Duterte is the prototypical anti-U.S. politician right now, but the U.S. has plenty of relationships with countries whose leaders have insulted the United States. Consider the U.S. relationship with one of its most important allies in the world: Turkey. After the failed military coup in Turkey, President Recep Tayyip Erdoğan purged many sectors of society. The U.S. criticized Turkey for this, and Erdoğan fired back by pointing a finger at the United States, claiming Washington was behind the coup.
There are very real strains in the relationship between Turkey and the United States. But not because Erdoğan has a deep aversion to U.S. President Barack Obama or the U.S. in general. Turkey is a rising power and does not wish to do the U.S.’ bidding whenever it needs. It has existential interests in bringing order to chaos the U.S. helped unleash on Turkey’s southern borders in a failed attempt at state-building in Iraq following the second Iraq war. Turkey wants a major seat at the table. All of its moves emerge from this reality including its on-again, off-again relationship with Russia and its demonstrative moves across the border in Syria and Iraq. Erdoğan can accuse the U.S. of whatever he wants – it won’t change the fact that both sides need each other right now.

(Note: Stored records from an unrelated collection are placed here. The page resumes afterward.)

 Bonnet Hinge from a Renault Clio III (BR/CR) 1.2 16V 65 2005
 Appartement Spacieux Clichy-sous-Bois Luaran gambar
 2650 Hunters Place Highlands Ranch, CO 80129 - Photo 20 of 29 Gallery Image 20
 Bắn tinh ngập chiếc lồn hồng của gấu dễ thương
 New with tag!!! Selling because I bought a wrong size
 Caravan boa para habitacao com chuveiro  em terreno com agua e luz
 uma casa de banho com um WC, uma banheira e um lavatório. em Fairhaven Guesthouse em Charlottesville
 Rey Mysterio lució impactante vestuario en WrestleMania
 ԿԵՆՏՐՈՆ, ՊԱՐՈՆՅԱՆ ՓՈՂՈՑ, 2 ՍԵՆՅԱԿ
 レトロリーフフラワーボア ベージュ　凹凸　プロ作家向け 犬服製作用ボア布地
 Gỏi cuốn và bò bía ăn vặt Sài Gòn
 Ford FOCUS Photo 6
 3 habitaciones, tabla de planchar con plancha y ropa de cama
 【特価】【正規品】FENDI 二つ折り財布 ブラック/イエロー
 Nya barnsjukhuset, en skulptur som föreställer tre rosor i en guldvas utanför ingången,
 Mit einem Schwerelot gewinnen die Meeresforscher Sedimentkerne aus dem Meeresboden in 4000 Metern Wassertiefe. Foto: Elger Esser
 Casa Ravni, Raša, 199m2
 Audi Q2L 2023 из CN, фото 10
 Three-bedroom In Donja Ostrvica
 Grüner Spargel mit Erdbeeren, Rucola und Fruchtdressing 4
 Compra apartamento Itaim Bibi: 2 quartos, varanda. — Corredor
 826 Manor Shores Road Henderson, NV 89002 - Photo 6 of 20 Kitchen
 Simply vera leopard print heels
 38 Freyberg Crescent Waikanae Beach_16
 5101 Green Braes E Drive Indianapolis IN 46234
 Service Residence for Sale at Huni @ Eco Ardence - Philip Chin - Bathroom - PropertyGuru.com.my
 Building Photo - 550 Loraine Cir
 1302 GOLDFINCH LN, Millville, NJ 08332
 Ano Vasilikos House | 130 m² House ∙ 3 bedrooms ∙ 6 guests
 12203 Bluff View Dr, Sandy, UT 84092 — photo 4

Another example of this fallacy is the U.S.’ relationship with Israel. The fact that Obama and Israeli Prime Minister Benjamin Netanyahu don’t like each other very much has been well-documented by various well-respected news outlets. And though Netanyahu has never called Obama or any other U.S. leader half the things Duterte has, I’d submit he’s done worse. In March 2015, Netanyahu accepted an invitation from the Republican Party to visit Washington, and for nearly an hour on the floor of Congress proceeded to eviscerate Obama’s decision to move ahead in signing the Iran nuclear deal.
It is true that the United States and Israel have drifted apart in recent years. The foundation of the U.S.-Israeli relationship was the Cold War, and as the balance of power has shifted in the Middle East, Israel has become less important to U.S. interests. The two remain allies, but the U.S. now sees Israel as one of four key regional powers. Israel is stronger and more secure than ever, and while it depends on U.S. security guarantees, it feels empowered to pursue its own interests even if they don’t line up perfectly with directives from Washington. None of this has anything to do with the frosty relationship between Obama and Netanyahu. The U.S. signed a 10-year, $38 billion military aid deal with Israel in September. Netanyahu’s attempt to embarrass Obama on the floor of Congress didn’t matter much in the end.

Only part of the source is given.